Historically, American White Pelicans breed in Canada, from British Columbia to Mackenzie and western Ontario, wintering in the Gulf of Mexico and Southern California. So, what are they doing in Maryland?
American White Pelican
In the past several years, small groups of American White Pelicans were spotted at Blackwater National Wildlife Refuge on Maryland's Eastern Shore, causing great excitement for birders. While birdwatching can be viewed as a quiet pursuit, featuring leisurely drives along wetland roads, or slow walks in the woods, the sighting of a rare or regionally unusual bird can be quite a thrill.
During 2007, sightings and reports of American White Pelicans on Maryland bird forums were met with caution. If you claimed a sighting, that report went up for review. Due to the fact that Maryland is not in the customary range for white pelicans, a sighting would obviously seem questionable without a photograph or a similar posting by a reputable bird watcher in that area.
American White Pelican
I am a casual birdwatcher. I had better get a real good look at a bird in order to identify it. If I don't get a perfect view, or have my sighting confirmed by someone else, I do not count the sighting.
Face it, some people are excitable and drawn to novelty, hoping for the thrill of a regionally unusual bird and may exaggerate the field marks of a routine sighting.
In 2009, my husband and I spent several hours on several visits staring over the wetlands at Blackwater Wildlife Refuge, looking at distant white blobs, only to see that they were swans.
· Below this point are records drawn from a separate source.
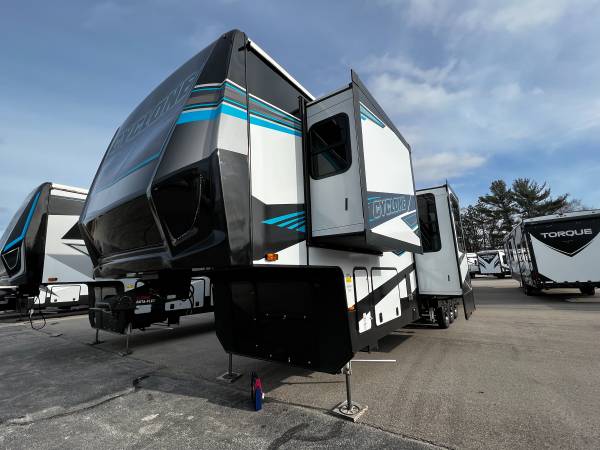 2023 Heartland Cyclone 4006 Toy Hauler RV 5th Wheel SAVE $20,000!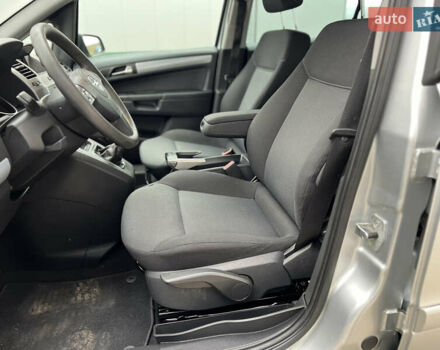 Серый Опель Зафира, объемом двигателя 1.8 л и пробегом 232 тыс. км за 6300 $, фото 27 на Automoto.ua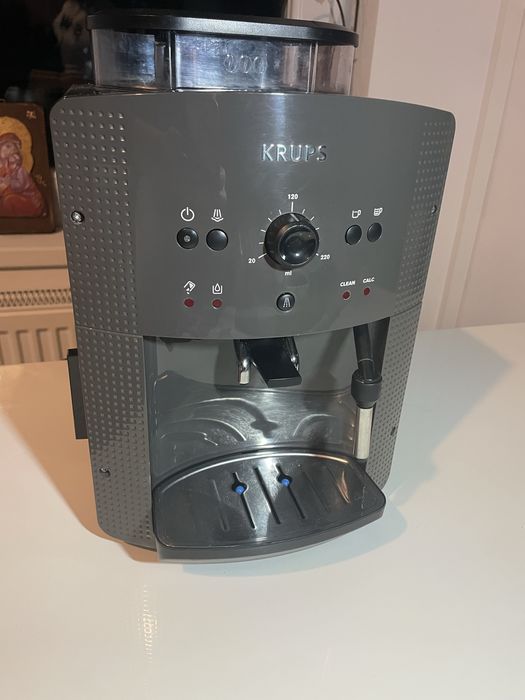 Expresor krups cu spumare lapte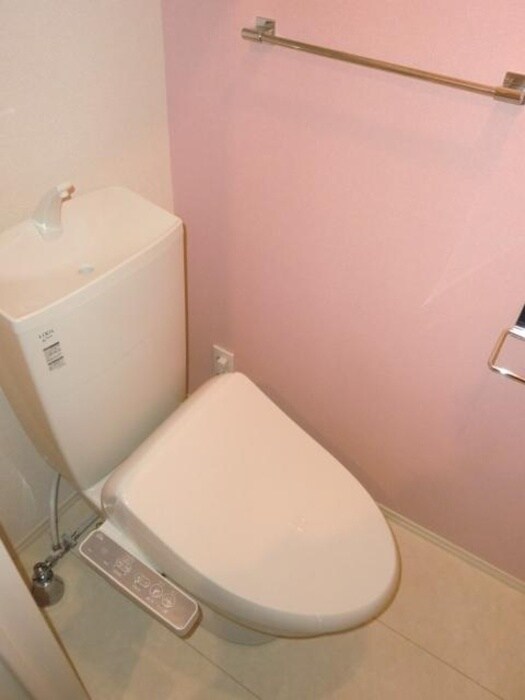 物件内観写真13　(トイレ)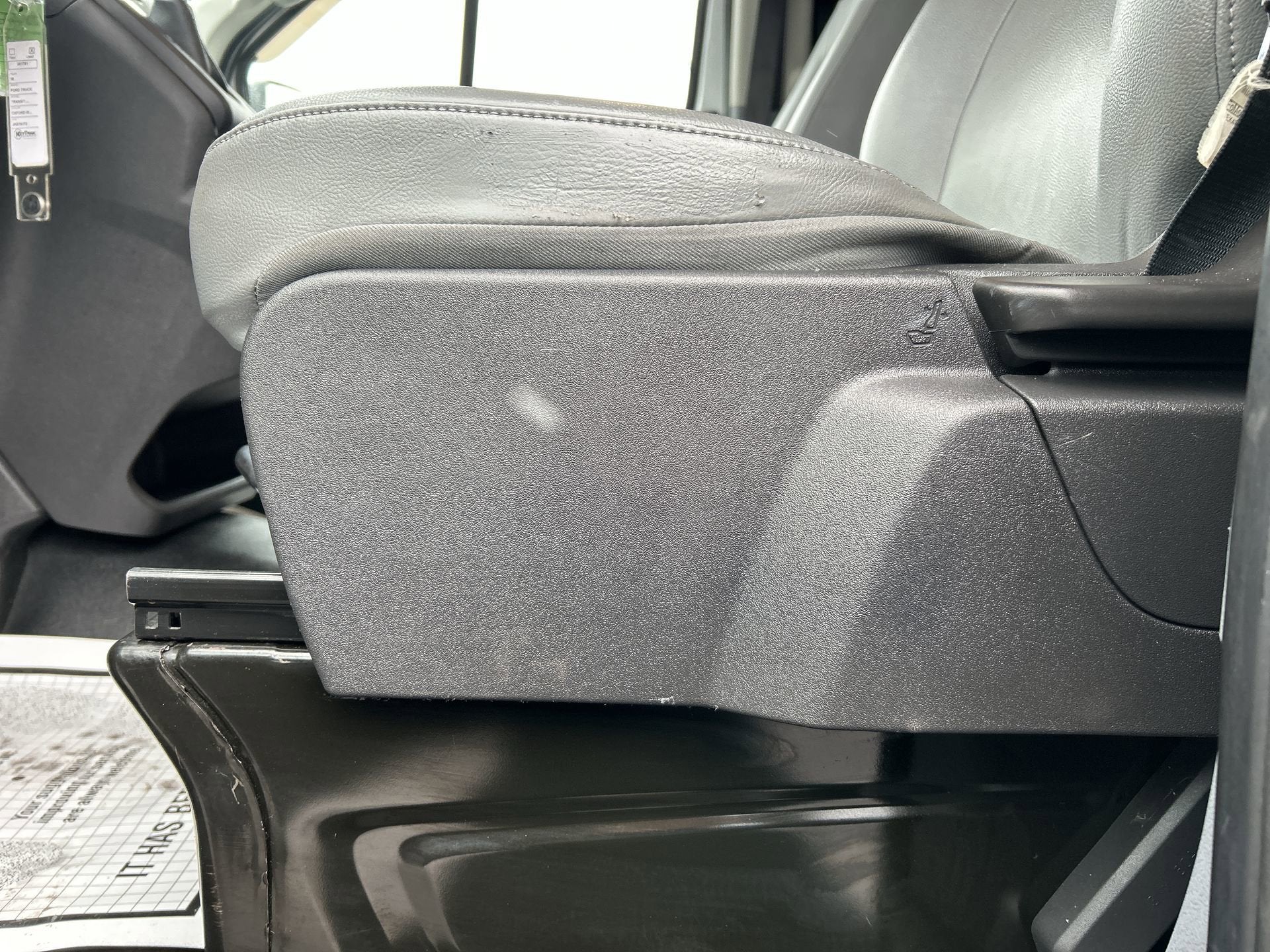 2018 Ford Transit-250 T-250 130 LW RF S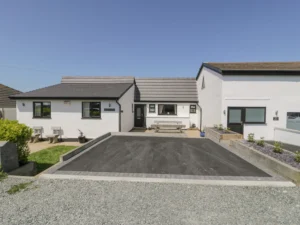 Anglesey pet friendly hot tub bungalow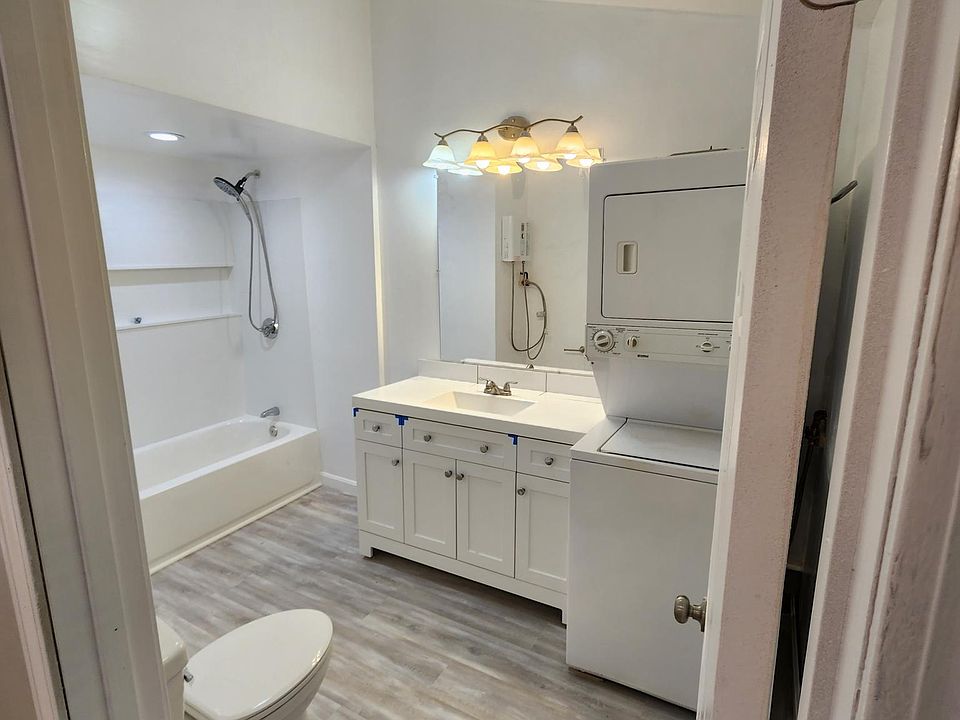 1st image of 1213 Main St APT E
Beautiful yes, but not the American White Pelicans that we hoped to see.
American White Pelican in Flight
In 2010, the popular Maryland bird forum, Maryland Osprey (which no longer exists) did not put sightings of the American White Pelican at Blackwater Wildlife Refuge up for review. Confirmed reports had been so frequent that the American White Pelican have been accepted as reasonable sightings.
On Easter Saturday, 2010, my husband and I slowly cruised the edges of the beautiful, brackish marshlands at Blackwater Wildlife Refuge. The scenery is so lovely that it does not really matter to me if I spot anything remarkable. Sightings of Great Blue Heron and Bald Eagles are so common, a birdwatcher can plan on seeing them. The flat stretches of dark water punctuated by stands of loblolly pines and wind rippled marsh grasses are beautiful. It is what Maryland looked like hundreds of years ago before the asphalt and strip malls that line our congested highways.
Then, out by a grassy point, I spotted a splash of brilliance on the overcast day. Several American White Pelicans splashed, flapping their wings and tossing those formidable beaks, while others rested on the shore. Snatching up the binoculars, I spotted two breeding adults, notable for the odd looking bump on the upper mandibles.
Not only were 24 white pelicans shining so brightly on a marsh in Maryland, but they were in full breeding mode! We could not believe our luck. The joy of seeing these beautiful creatures is indescribable. My husband and I sat for some time enjoying the spectacle.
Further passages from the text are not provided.